When an actor or actress is assigned to a role, it is the actor or actresses responsibility to bring that character to life. The director wants the actor to be able to allow the audience the ability to relate to the character(s). The actor needs to study how the character reacts in different situations, how the character speaks, and how the character would present him/herself. There are several films that we watched this semester in which the actor really allows the character to come to life. For example, in his 1973 adaptation of Henrik Ibsen's 1879 A Doll's House, Jane Fonda is cast as Nora by the director Joseph Losey. Several of the films watched in class have actors who really bring their character to life. However, there are some films where the actors do not bring the character to life.
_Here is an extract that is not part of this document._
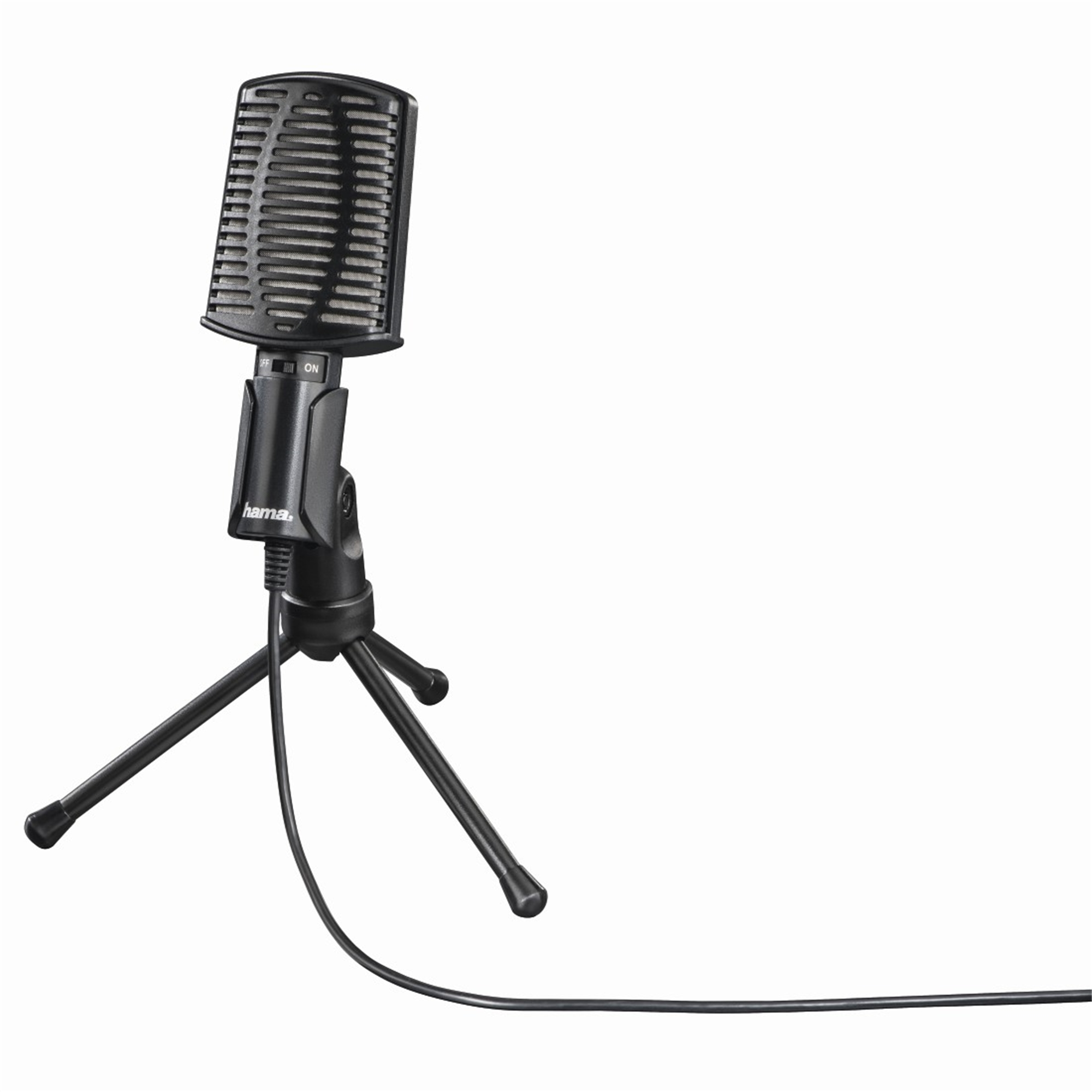 MIC-USB Schwarz Microphone, Allround HAMA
In the film, A Doll's House, directed by Joseph Losey, the director cast Jane Fonda to play Nora. Jane really brings Nora to life. Nora is a woman who is conniving, yet reserved at the same time. Jane knows how to portray the character in such a way so that the audience really believes Jane is Nora. Nora is living in a doll's house where she has to cater to her husband's every need. However, she is a woman who wants to be free; she does not want to live in the doll's house anymore. One can see the determination Nora wants in order for Torvald, Nora's husband, to know the secret, and how she wants to leave and not be Torvald's doll. One is able to see this through Jane's acting. Jane becomes Nora.
Another actor who was able to fit in his character's shoes is Marlon Brando in the 1951 film, A Streetcar Named Desire, directed by Elia Kazan and based on Tennessee Williams' 1947 play. In this film, Marlon Brando plays Stanley Kowlaski, who is married to Stella (Kim Hunter). Stanley Kowlaski is a person who is angered easily and has violent tendencies. Marlon Brando portrays this character very well, because Marlon has tendencies similar to Stanley's. Another amazing actor in this film was Blanche, Stella's schizophrenic sister, who comes to stay with them until she receives help. Blanche DuBois does not know she is schizophrenic; however, she does somewhat know she is not right in the head. Vivien Leigh plays Blanche and is able to allow the audience to feel the how Blanche must feel at times: confused, scared, and lonely. One is able to understand what is going on at the end where a mirror is broken and Blanche faints. It is then when people come to take her to get help.
Although there were many actors who are able to play their characters, there are many characters that could not bring their character to life, due to poor casting by the director. One film in which the actor is not able to relate to the character is in the 1973 film, A Doll's House, directed by Patrick Garland, who cast Claire Bloom as Nora and Anthony Hopkins as Torvald. While Torvald is a strong character, Nora should have more of a dominant roll in the film. Anthony Hopkins has such a strong and domineering personality, which comes through in his acting. His acting ability would have made the film better if he had had an actress who was just as strong of a personality as he does. He is not able to allow Claire the limelight she needs in order to bring Nora to life. Nora, as a character, is suppose to be timid around Torvald, yet Claire takes this timid behavior to an extreme; it seems as though she is scared to death of Torvald, and she does not allow her audience to see the conniving and manipulation in which is suppose to take place.
As one can see, acting has a major effect on a film. Directors need to make sure actors are going to do their part in understand every aspect of a character. Actors need to understand how the character thinks, speaks, and lives. Directors should not cast a person to play a part if they do not feel the actor will bring his/her character to life. It is important for actors to become their characters in order for the vision of the director to be accurate.